General Motors announced Monday it will end production of six cars that are waning in popularity due to demand for trucks and SUVs. The Detroit-based automaker will lay off thousands of employees, both hourly and salaried.
The automaker is closing five plants, which means the end of production of Buick LaCrosse, Cadillac CT6, Cadillac XTS, Chevrolet Cruze, Chevrolet Impala and Chevrolet Volt, one of the first plug-in electric hybrid vehicles. Despite the end of the Volt, resources allocated to electric and autonomous vehicle programs will double in the next two years, per an outline of planned changes the automaker released.

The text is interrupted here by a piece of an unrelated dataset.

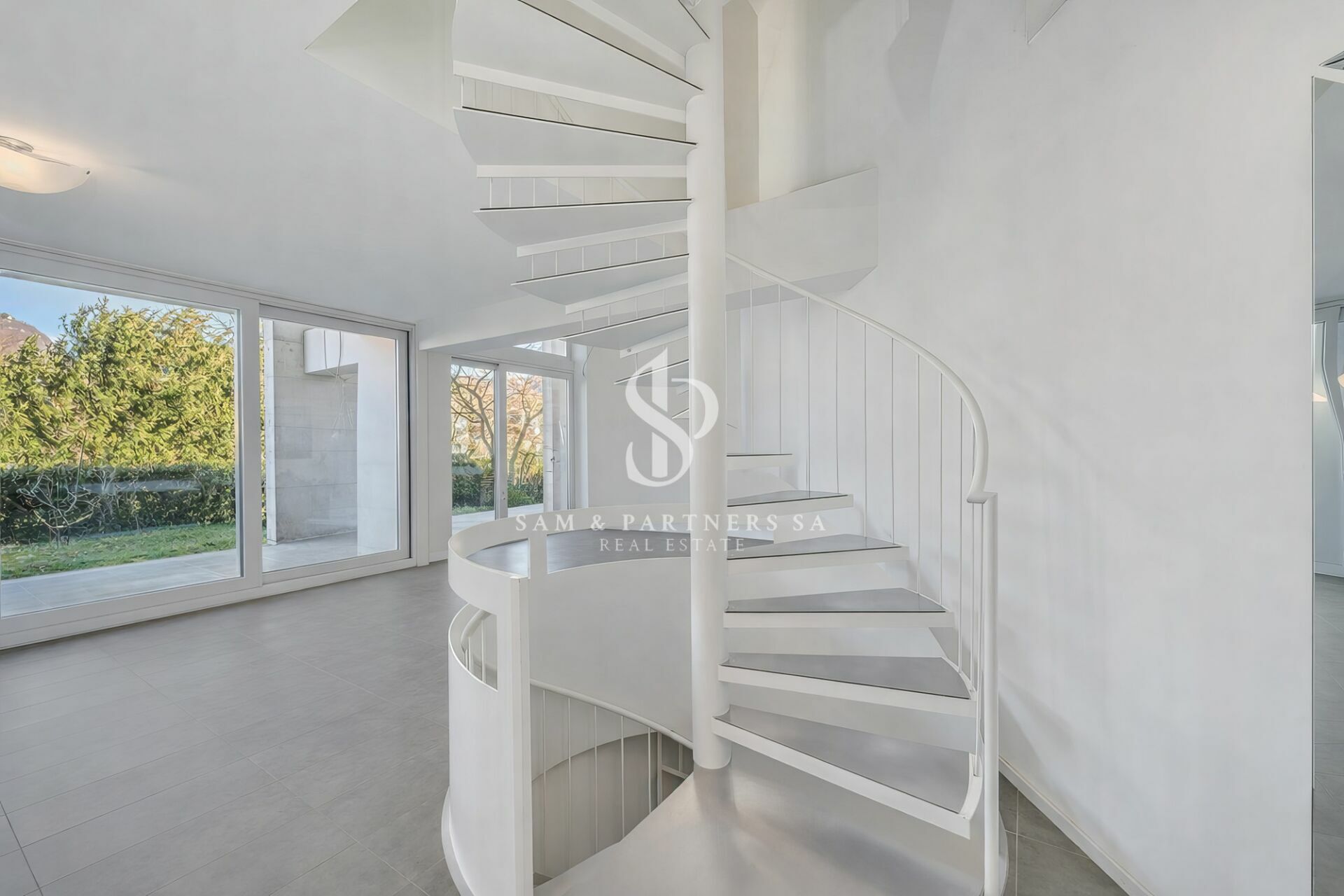Heller Wohnbereich mit weißer Wendeltreppe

GM said in a statement that the closures and layoffs are “proactive steps to improve overall business performance including the reorganization of its global product development staffs, the realignment of its manufacturing capacity and a reduction of salaried workforce.”

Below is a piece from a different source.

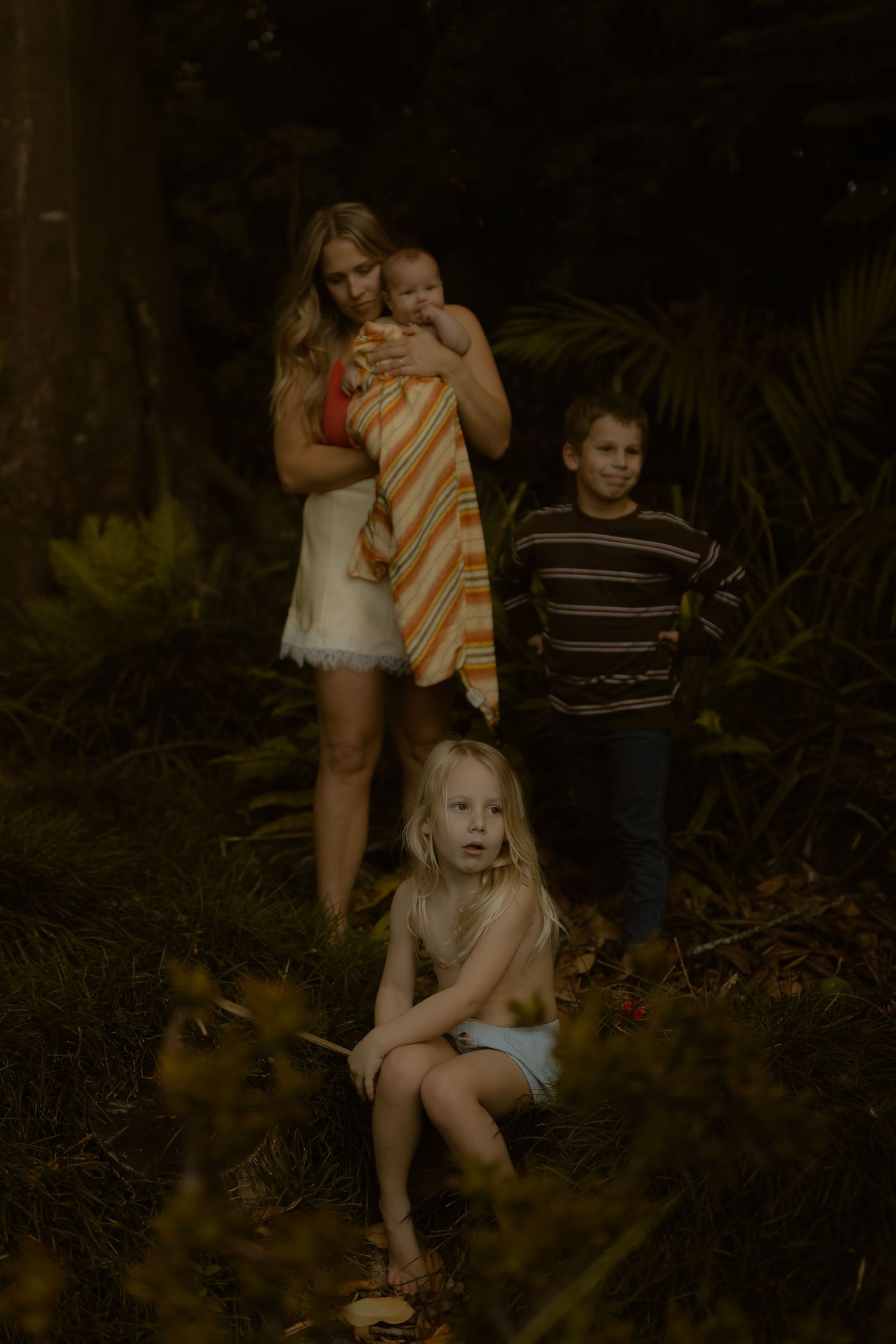 A mother holding a newborn in a striped blanket with two children in a lush forest setting.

GM spokesperson Stephanie Rice could not give specifics on how the cuts would affect marketing staffs. The automaker will undertake a 15% reduction in salaried and contract salaried workforce, which includes a 25% reduction in the number of global executives.
“Cost reduction targets are different for each function,” Rice tells Marketing Daily.

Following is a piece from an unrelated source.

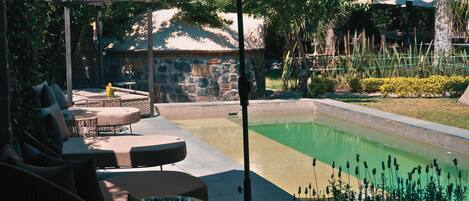 A pool area with lounge chairs, a pergola, and a stone wall in the background.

The cuts will likely not impact marketing, says Allen Adamson, author of “Shift Ahead” a book about how the best companies stay relevant in a fast-changing world. Adamson is also co-founder of Metaforce and former chairman North America of Landor.
“GM’s challenge is that they need to shift their product line ahead to meeting likely diminishing demand for internal combustion automobiles to electric and autonomous driving vehicles,” Adamson tells Marketing Daily. “Another part of the challenge is that only the SUV segment is growing, as most manufacturers drop standard car lines. The sea of sameness is the SUV segment will put more pressure on companies and their marketing teams to try to differentiate one from another.”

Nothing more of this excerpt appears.